It’s in the script, but . . . should we yell FIRE in a room full of kids?

Ok, so that's actually Johnny Weissmuller, doing the Tarzan yell, but it kinda looks like he's yelling "FIRE!"

Ok, so that’s actually Johnny Weissmuller, doing the Tarzan yell, but it kinda looks like he’s yelling “FIRE!”

What do you leave with your listeners? A funny joke? A shocking ending? Or something more?

Aren’t you astounded by amateur event planners? They can come up with the most fantastic ideas. If you have been a Kid Min leader for very long, you have seen the fiery passion in their eyes as they barrel toward you on a Sunday morning. “We found the perfect spot to reach families with kids!” they report to you, as if you had sent them on the task in the first place.

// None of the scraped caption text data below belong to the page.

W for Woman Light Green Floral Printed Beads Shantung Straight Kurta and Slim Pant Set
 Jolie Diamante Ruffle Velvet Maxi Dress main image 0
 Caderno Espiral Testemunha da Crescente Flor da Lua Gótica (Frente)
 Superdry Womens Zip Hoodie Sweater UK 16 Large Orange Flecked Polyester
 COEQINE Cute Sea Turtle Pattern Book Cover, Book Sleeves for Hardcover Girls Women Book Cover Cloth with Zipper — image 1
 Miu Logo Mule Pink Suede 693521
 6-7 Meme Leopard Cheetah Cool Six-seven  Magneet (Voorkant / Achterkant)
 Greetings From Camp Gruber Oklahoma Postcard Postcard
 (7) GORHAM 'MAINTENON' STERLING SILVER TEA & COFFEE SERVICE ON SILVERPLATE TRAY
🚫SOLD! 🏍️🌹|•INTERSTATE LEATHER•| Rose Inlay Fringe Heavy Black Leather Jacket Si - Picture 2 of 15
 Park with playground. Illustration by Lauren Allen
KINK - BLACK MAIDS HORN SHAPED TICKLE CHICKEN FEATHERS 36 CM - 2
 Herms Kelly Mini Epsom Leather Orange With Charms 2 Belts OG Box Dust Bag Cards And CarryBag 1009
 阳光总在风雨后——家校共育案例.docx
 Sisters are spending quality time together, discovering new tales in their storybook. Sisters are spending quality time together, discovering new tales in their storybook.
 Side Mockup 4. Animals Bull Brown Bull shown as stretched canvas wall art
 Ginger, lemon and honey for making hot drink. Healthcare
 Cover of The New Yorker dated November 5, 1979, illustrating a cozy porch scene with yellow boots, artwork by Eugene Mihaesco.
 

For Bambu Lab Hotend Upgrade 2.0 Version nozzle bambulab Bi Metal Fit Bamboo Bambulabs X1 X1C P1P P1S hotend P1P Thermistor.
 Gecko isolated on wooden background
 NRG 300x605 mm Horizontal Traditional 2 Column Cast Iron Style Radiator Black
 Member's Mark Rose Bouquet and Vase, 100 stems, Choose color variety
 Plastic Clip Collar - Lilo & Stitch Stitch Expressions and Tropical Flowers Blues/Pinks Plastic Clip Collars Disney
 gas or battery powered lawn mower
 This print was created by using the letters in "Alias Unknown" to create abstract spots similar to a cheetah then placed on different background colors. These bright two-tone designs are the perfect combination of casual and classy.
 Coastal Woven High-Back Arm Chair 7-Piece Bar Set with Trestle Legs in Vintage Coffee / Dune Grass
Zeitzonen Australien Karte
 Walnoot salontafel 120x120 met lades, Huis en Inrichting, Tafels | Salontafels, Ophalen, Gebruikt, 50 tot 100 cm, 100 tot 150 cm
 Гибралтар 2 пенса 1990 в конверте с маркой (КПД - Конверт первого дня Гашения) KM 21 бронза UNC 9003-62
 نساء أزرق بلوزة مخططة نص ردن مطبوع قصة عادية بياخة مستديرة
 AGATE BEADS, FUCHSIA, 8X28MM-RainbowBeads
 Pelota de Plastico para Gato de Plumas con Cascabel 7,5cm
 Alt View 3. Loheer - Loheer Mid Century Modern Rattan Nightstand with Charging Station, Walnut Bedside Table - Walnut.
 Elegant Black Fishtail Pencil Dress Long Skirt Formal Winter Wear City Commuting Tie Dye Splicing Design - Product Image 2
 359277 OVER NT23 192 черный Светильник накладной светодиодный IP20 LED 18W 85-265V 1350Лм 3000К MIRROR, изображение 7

“It’s a tiny condemned recreation center that services a community with over 350,000 children – 98% of those kids are convicted murderers on death row. Once per month, they are released back into the community, because that’s when most of the area police force have gone on furlough. I thought of you immediately, and made arrangements to have you dropped into the area by helicopter, armed with two hand puppets and a can of silly string. It will be fairly dark, since the drop is just past dusk – that won’t be a problem though, because after sunrise, the next 12 hours of the event will be full daylight. And, of course, I will contribute a spoon, so you will be able to tunnel yourself out of the restricted zone once the festivities are over.”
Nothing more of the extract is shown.